- Dataset excerpt:
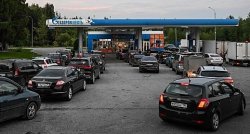 Москва връща лимитите за гориво: по 40&ndash;60 литра на клиент и недостиг на АИ-95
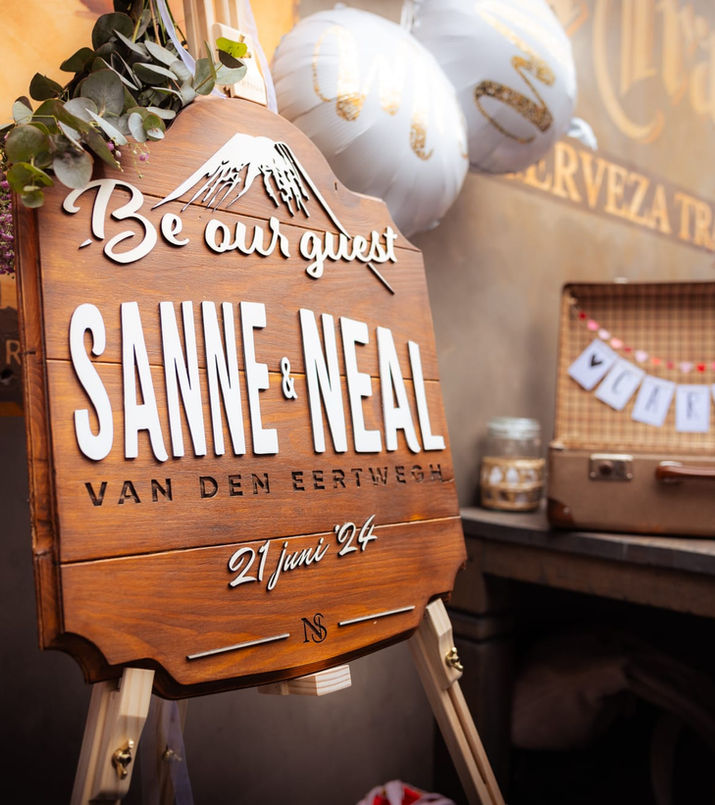 Gepersonaliseerde houten bruiloft welkomstbord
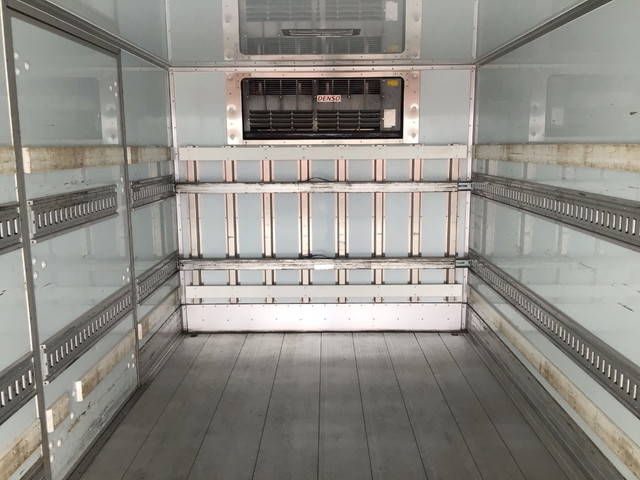 日野レンジャー冷凍車（冷蔵車）中型（4t）[写真14]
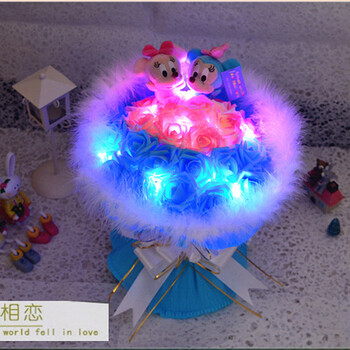 
                                        沐坤 led七彩发光卡通花束 仿真玫瑰花公仔花束 新年节日情人节生日创意礼物送女朋友 N款2米奇米妮22玫led灯光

- What you will do:
Could you write out verbatim only those lines that run from the line containing "Gepersonaliseerde houten bruiloft" through the end of the listing above, both included, without the pictures?

- Response area:
 Gepersonaliseerde houten bruiloft welkomstbord
 日野レンジャー冷凍車（冷蔵車）中型（4t）[写真14]
                                        沐坤 led七彩发光卡通花束 仿真玫瑰花公仔花束 新年节日情人节生日创意礼物送女朋友 N款2米奇米妮22玫led灯光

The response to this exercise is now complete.